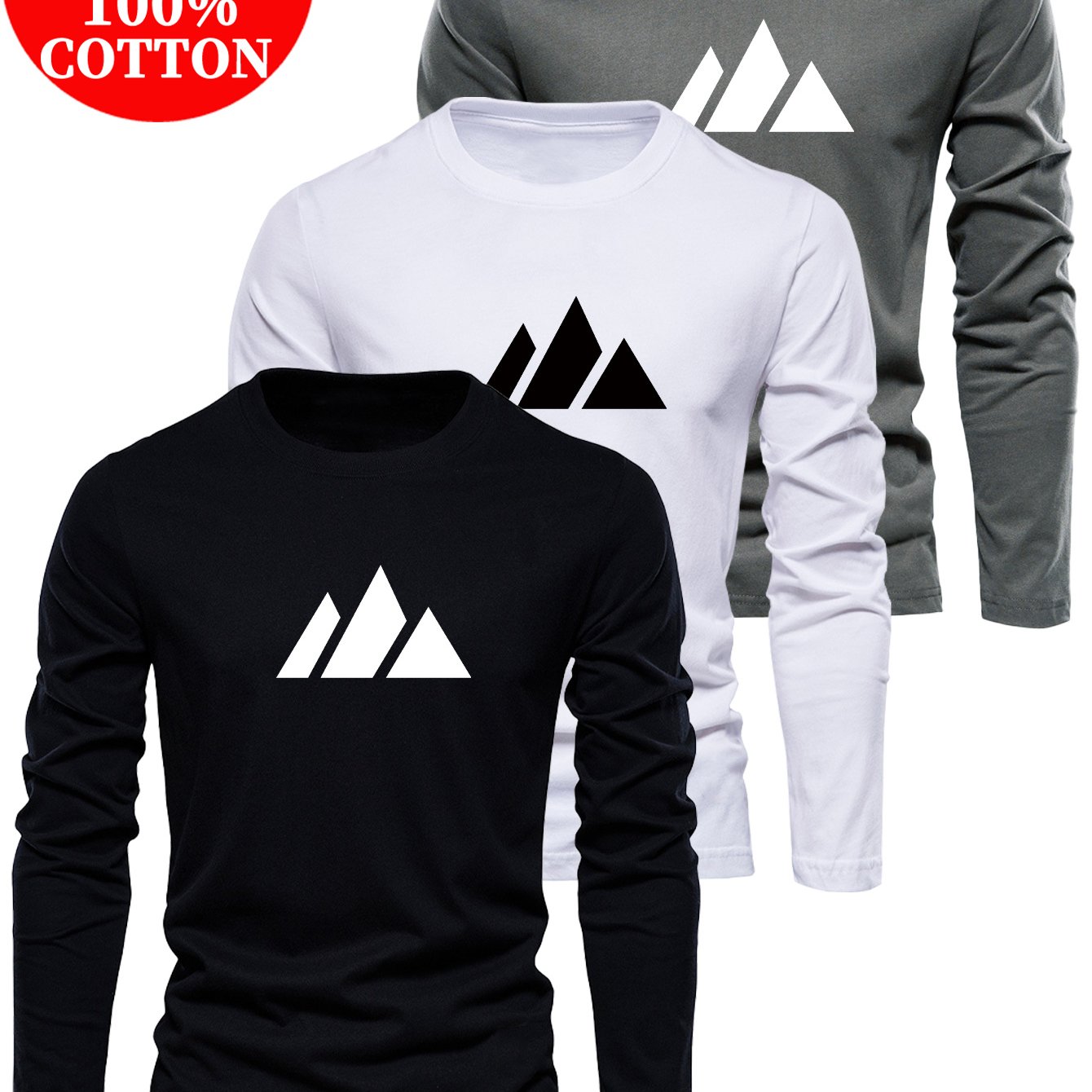 Image of 3-pc 100% T-shirts, Fabric, Soft And Skin-friendly, T-shirts, Round Neck Design, Spring And Autumn Tops, Casual T-shirts, As A Gift For Men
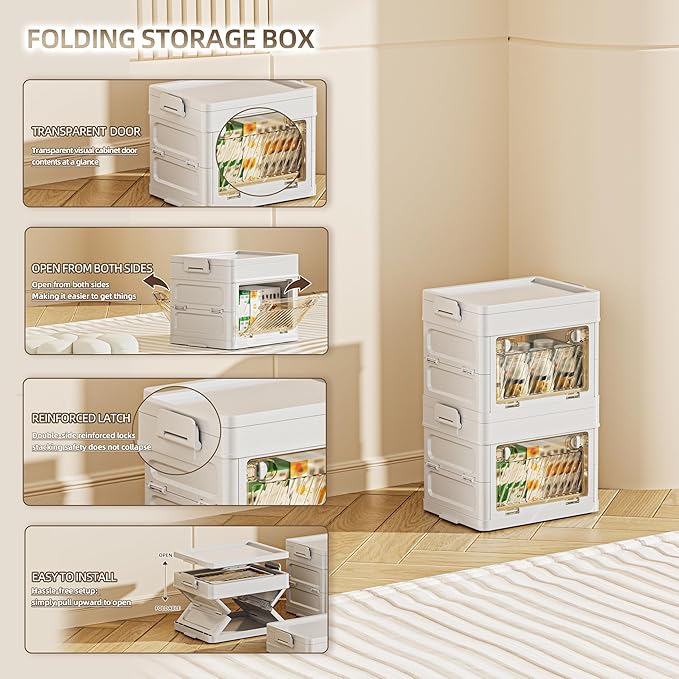 12 QT / 3 Gal Foldable Storage Cabinet with Clear Double Doors Organizer, Transparent Front & Back, Pull to Setup, Rolling Storage Bin for Closet/Living Room
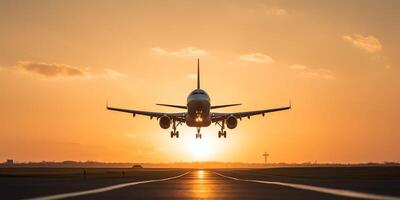 Plane on a runway with sky in the background photo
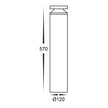 HV1638T-BLK - Noray 570mm Black LED Bollard Light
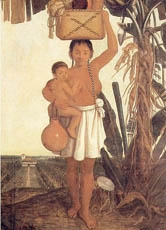 Darstellung einer Tupí-Indianerin aus dem 16. Jahrhundert. Die Tupí waren die größte Bevölkerungsgruppe unter den brasilianischen Ureinwohnern.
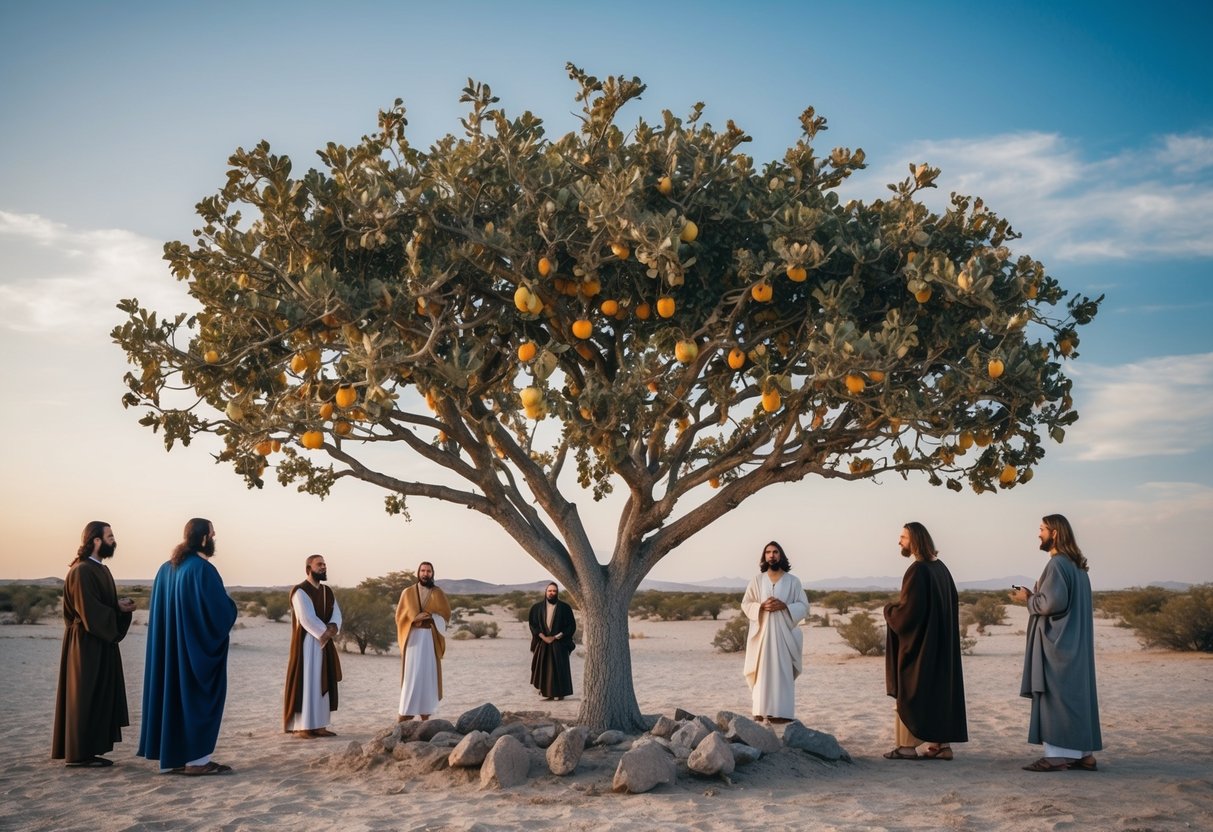A barren fig tree with withered leaves and fruit, surrounded by disciples and Jesus in a desert landscape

*Task directions:*
Could you reproduce exactly the lines from the one containing "Darstellung einer Tupí-Indianerin" through the last line of the records, both included, leaving out the pictures?

*Answer box:*
 Darstellung einer Tupí-Indianerin aus dem 16. Jahrhundert. Die Tupí waren die größte Bevölkerungsgruppe unter den brasilianischen Ureinwohnern.
A barren fig tree with withered leaves and fruit, surrounded by disciples and Jesus in a desert landscape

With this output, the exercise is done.